■ Prompt
Return each record unchanged and drop the images.

Top of Entries shown

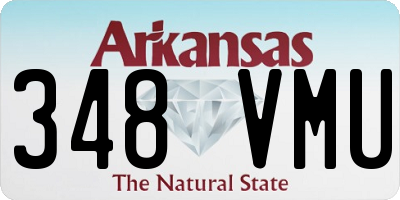 AR license plate 348VMU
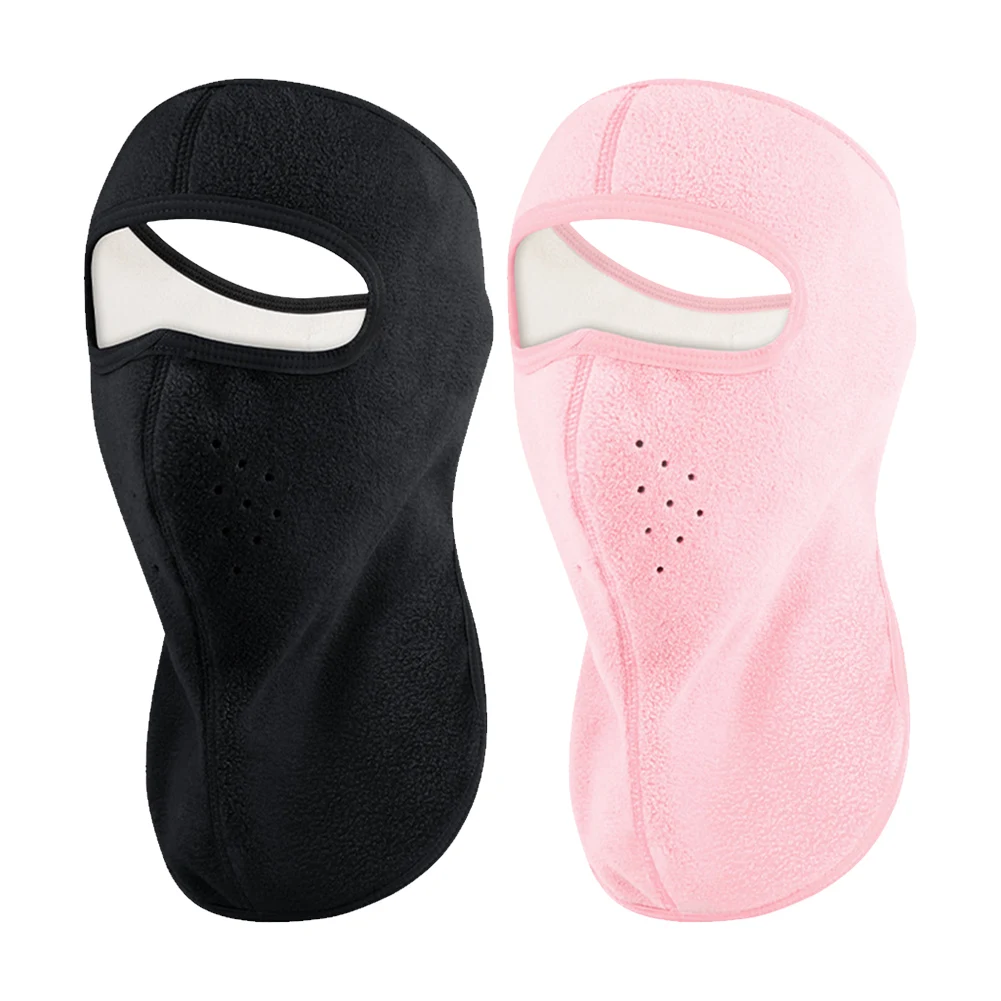 Full Face Ski Mask Breathable Cycling Face Mask Thermal Polar Fleece Neck Warmer Soft Windproof Face Cover for Men Women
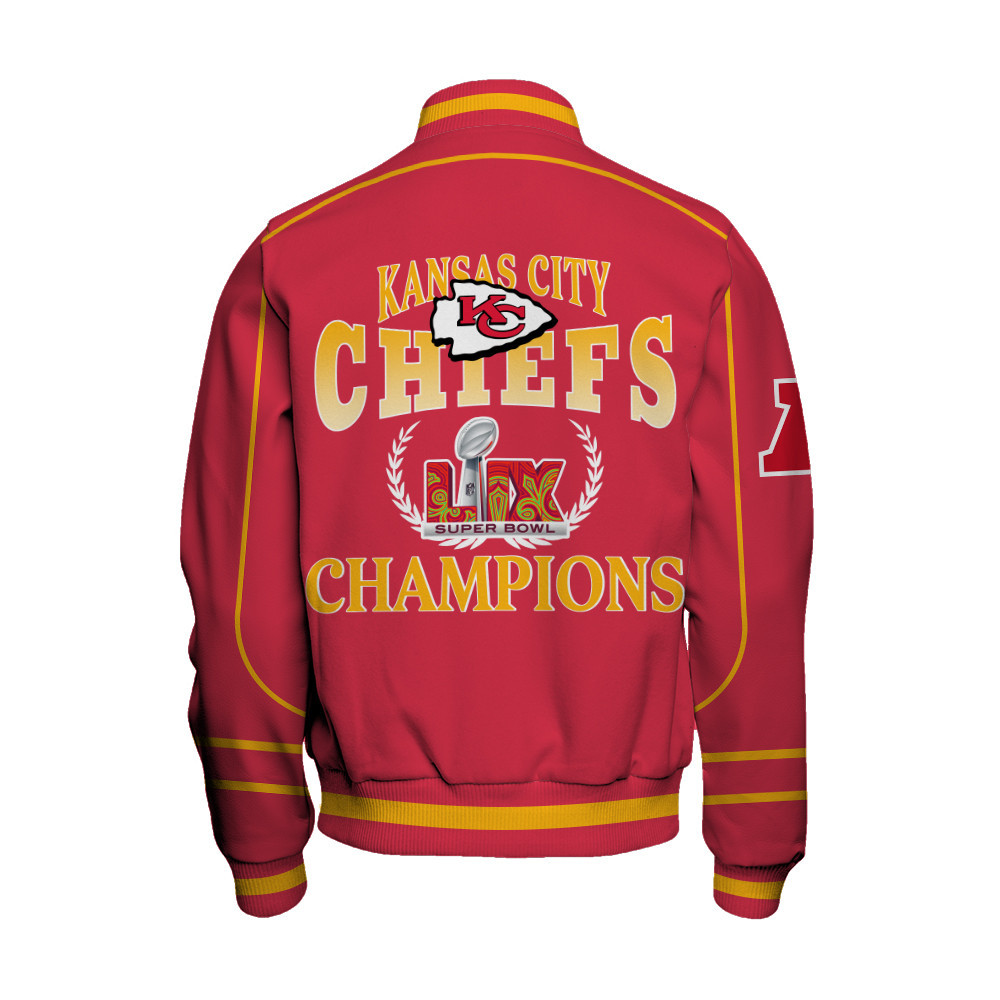 Kansas City Chiefs Super Bowl LIX The New King Varsity Jacket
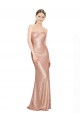 Boutique Or rose Trapèze Paillette Longue Formelles Robes demoiselle d'honneur / Robes de soirée / Robes de bal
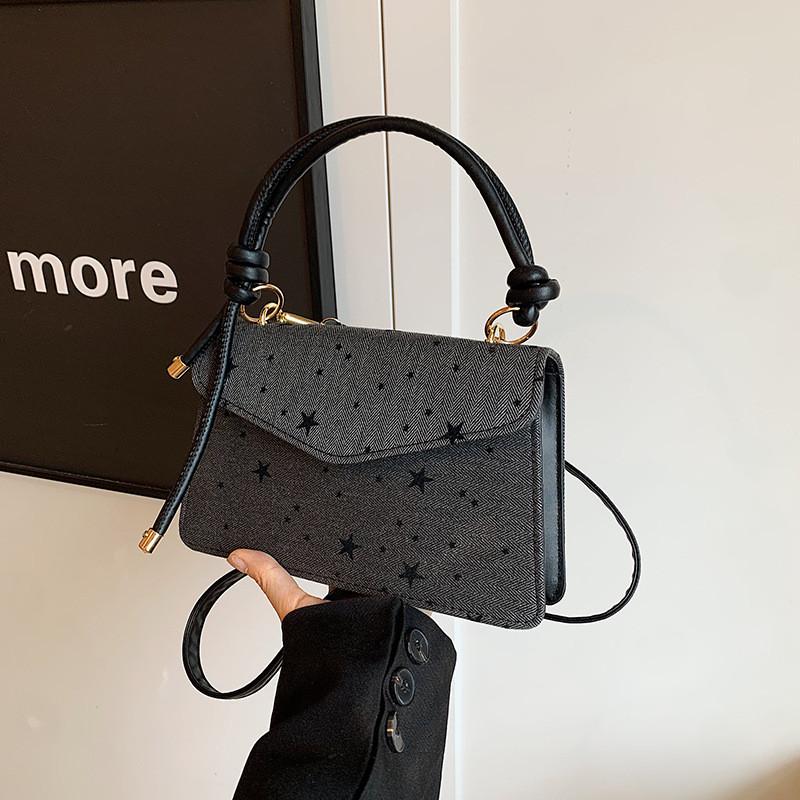 Stylish Butterfly Knot Pu Crossbody Bag For Women With Unique Star Polka Dot Design Star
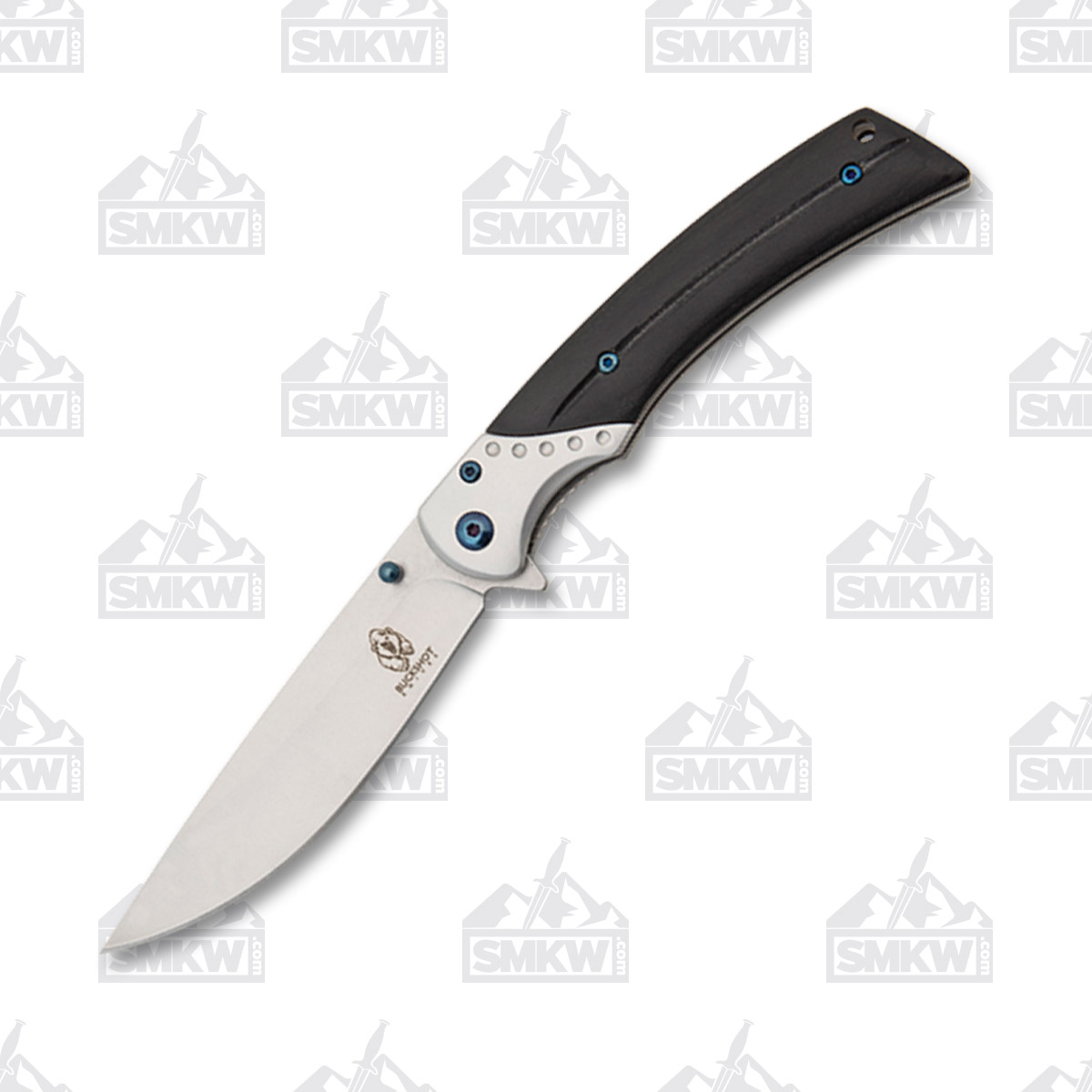 Neptune Buckshot Assisted Folding Knife 3.75in Plain Edge Blue NTPBK240BK View 2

Bottom of Entries shown

■ Solution to this problem
 AR license plate 348VMU
 Full Face Ski Mask Breathable Cycling Face Mask Thermal Polar Fleece Neck Warmer Soft Windproof Face Cover for Men Women
 Kansas City Chiefs Super Bowl LIX The New King Varsity Jacket
 Boutique Or rose Trapèze Paillette Longue Formelles Robes demoiselle d'honneur / Robes de soirée / Robes de bal
 Stylish Butterfly Knot Pu Crossbody Bag For Women With Unique Star Polka Dot Design Star
 Neptune Buckshot Assisted Folding Knife 3.75in Plain Edge Blue NTPBK240BK View 2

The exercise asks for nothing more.